Tuesday, September 21, 2010

Dressing the Future by Magali Boehrer



Blade Runner and the Terminal Genre, William Fisher.

William Fisher introduces a new genre, which he calls the Terminal Genre. It defines films that are multinational, commercial, dystopian, big budget and avant-garde. Such films use technology and manipulated worked matter, for instance the Replicants from Blade Runner, into ambiguous use. Using the image of a future that cannot be controlled or altered due to capitalist and commercial society. This genre makes no claim to surpass cultural or social crisis. He considers Blade Runner to be the highest achievement of the genre. Among other films falling under this category are Mad Max, The Road Runner, Pink Floyd: The wall, Kamakazi’89, Streets of Fire, The Hunger, Subway, Highlander, and The Terminator.

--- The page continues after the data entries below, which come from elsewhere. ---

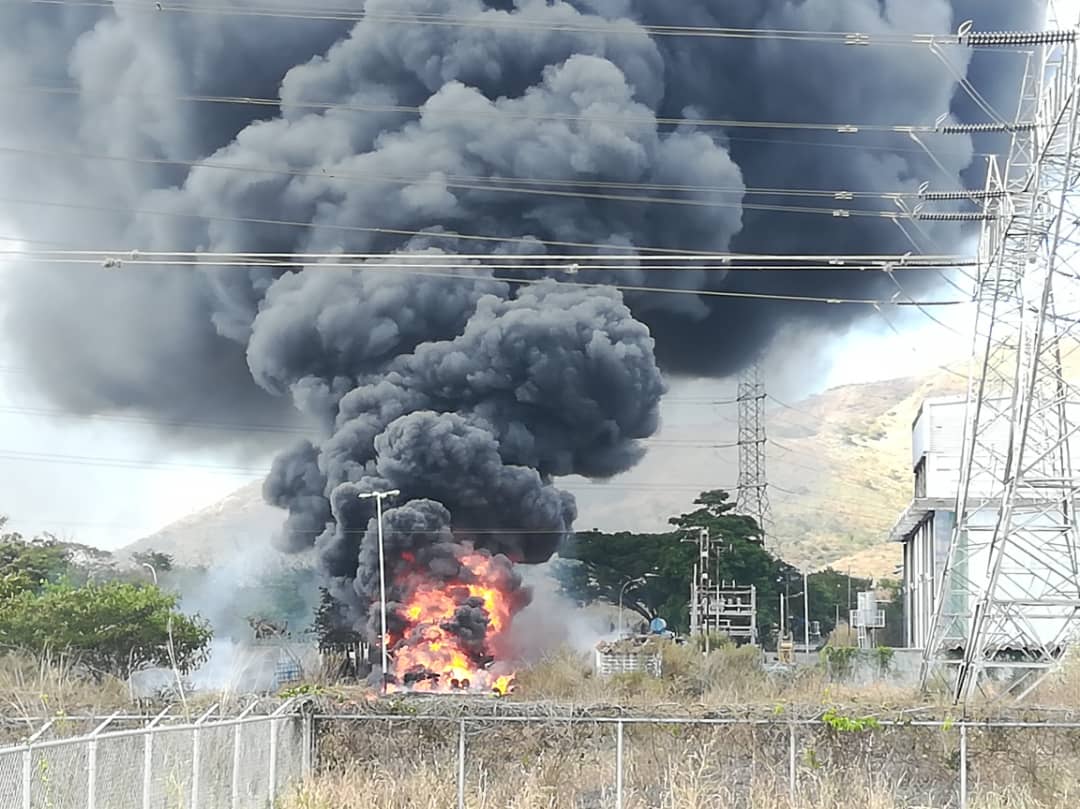 Fire in S / E La Horqueta in Aragua generates interruption of service in sectors of the Central region of the country. Personnel dedicated to the normalization of the service in conjunction with the fire department.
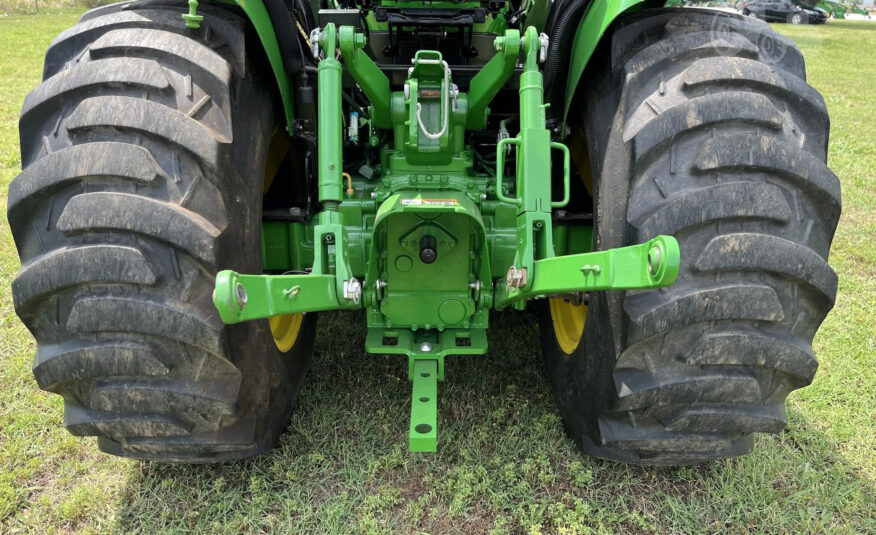 2018 John Deere 3046R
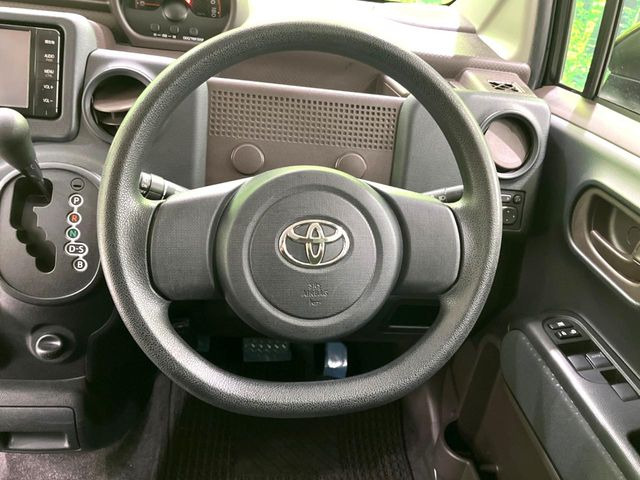�C���e���A�ɍ��킹���f�U�C���̃X�e�A�����O�́A�^�]�������̂��Ƃ��l���A�^�]���₷���`��A�傫���ł��B�����x�A���ۂɐG���Ă��m���߂��������B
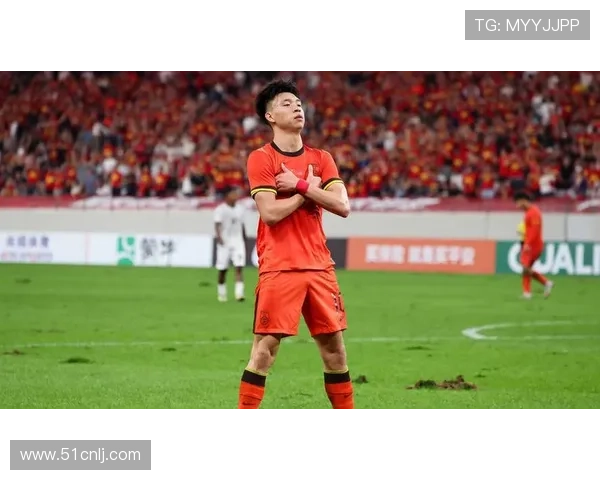 中国足球队备战亚洲杯，新帅李铁力求突破带领队员冲击冠军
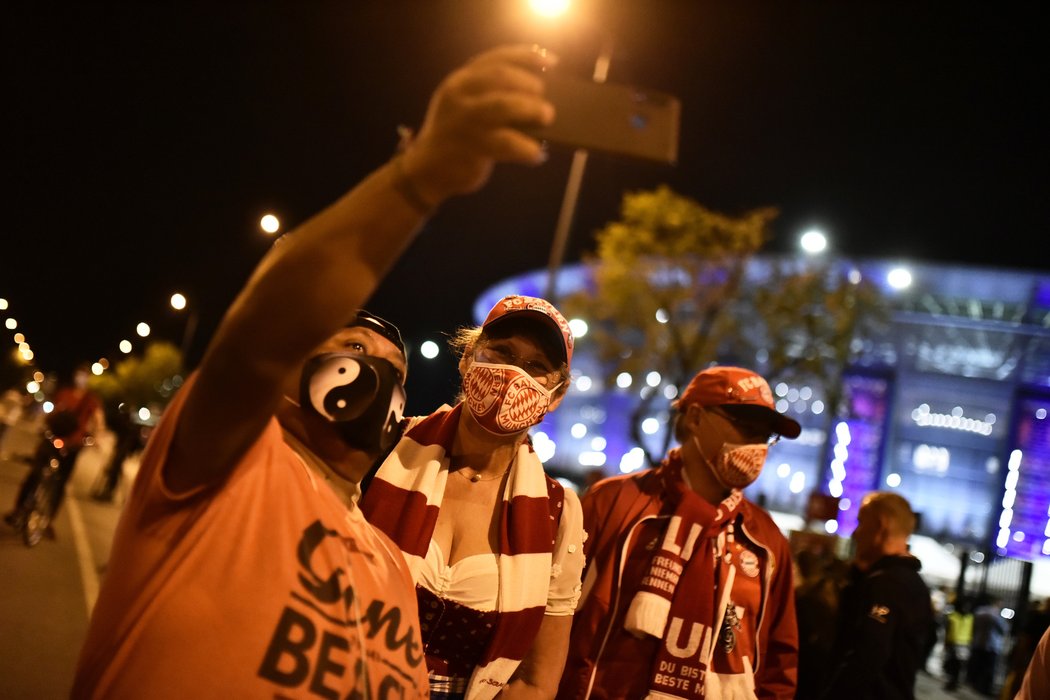 Fanoušci Bayernu před stadionem v Budapešti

He He also mentions that this new genre changes the original view of Utopia consisting of “diversion” and “escapism” (basically freedom) into “engagement” and “respite”. In terms of the Terminal genre, this utopian image is changed by the culture industry controlling mass culture, thus ‘the utopian dimension takes on a terrifying character’. This genre however, although it is the conclusion and fulfillment of generic experience, is a genre among many.

Dressing a Galaxy: The Costumes of Star Wars, Patt Diroll.

Patt Diroll’s article is written for the book of the same name, about the costume exhibition at the fashion institute of Design and Merchandising museum in Los Angeles.

The author explains in awe the creations of Trisha Biggar’s costume of the Star Wars Episodes. The producer Rick McCallum said about her ‘her ability to manage, move, design, build, locate and scrouge was a rare find.’ She spent three months before the shoot preparing at Lucas’s Skywalker Ranch in Northern California, planning the design concepts and then flying around the world to scout fairs and markets to find the most exotic materials. She to introduce some twelve hundred-costume ideas for every film for almost every creature. She had to create costumes, which seemed real enough to be in an imaginary world. The set had up to 120 craftspeople working on each costume. Director George Lucas said ‘It is very hard to pick the right fabric, to modify the design in such a way that it looks like it fits into a real world. She is a very positive work force and the best I’ve ever worked with or seen.’

Trisha Biggar systematically studied each character in order to find it’s perfect garmements. For instance, for Palpatine’s character she used dark colors and heavier textures as the episode progressed to foreshadow the descent of the caring Senator to a callous emperor. Furthermore, for Princess Amilda’s character, she had to create a persona who could slip out of her clothes without anyone noticing. Thus Geishas, Mongolians and Elizabeth I of England inspired her.

2001: A Space Oddity, James Keeran

Space Oddity is a mock on Stanley Kubrick’s 2001: A space Odyssey. The film is in fact nothing close to how the world really came out to be in 2001. There were no spaceships where one could rest his legs, or telephone cabins where one could call home and see the face of their beloveds, much less was there ever any planned space cruise to Jupiter. However, the article does state some interesting information about the stewardesses wearing Velcro shoes in order to maintain their feet on the ground. The jumpsuits were also an original idea.

Space Looks, Stella Bruzzi.

In Stella Bruzzi’s Space looks, she analyzes two terms: Space Age and Space Look. The Space age consists of the time after the first moon landing in 1969 and the sixth one in 1974. During that time space was an empty map, waiting to be filled. It consisted of the fantasy of space not being harmed by reality yet and films and shows such as Forbidden Planet, 2001 and Star Trek came into being which are considered to be the best sci-fi film and show until today. After several moon hoax videos, the fantasy of space was bashed by reality, and movies such as Silent Running and Capricorn One exploited the distance between realty and myth. The second term she mentions is the Space Look, which consists of namely the color grey, with militarist looks inspired by the US military itself, skin-tight jump suits inspired by Robin Hood and even cowboys.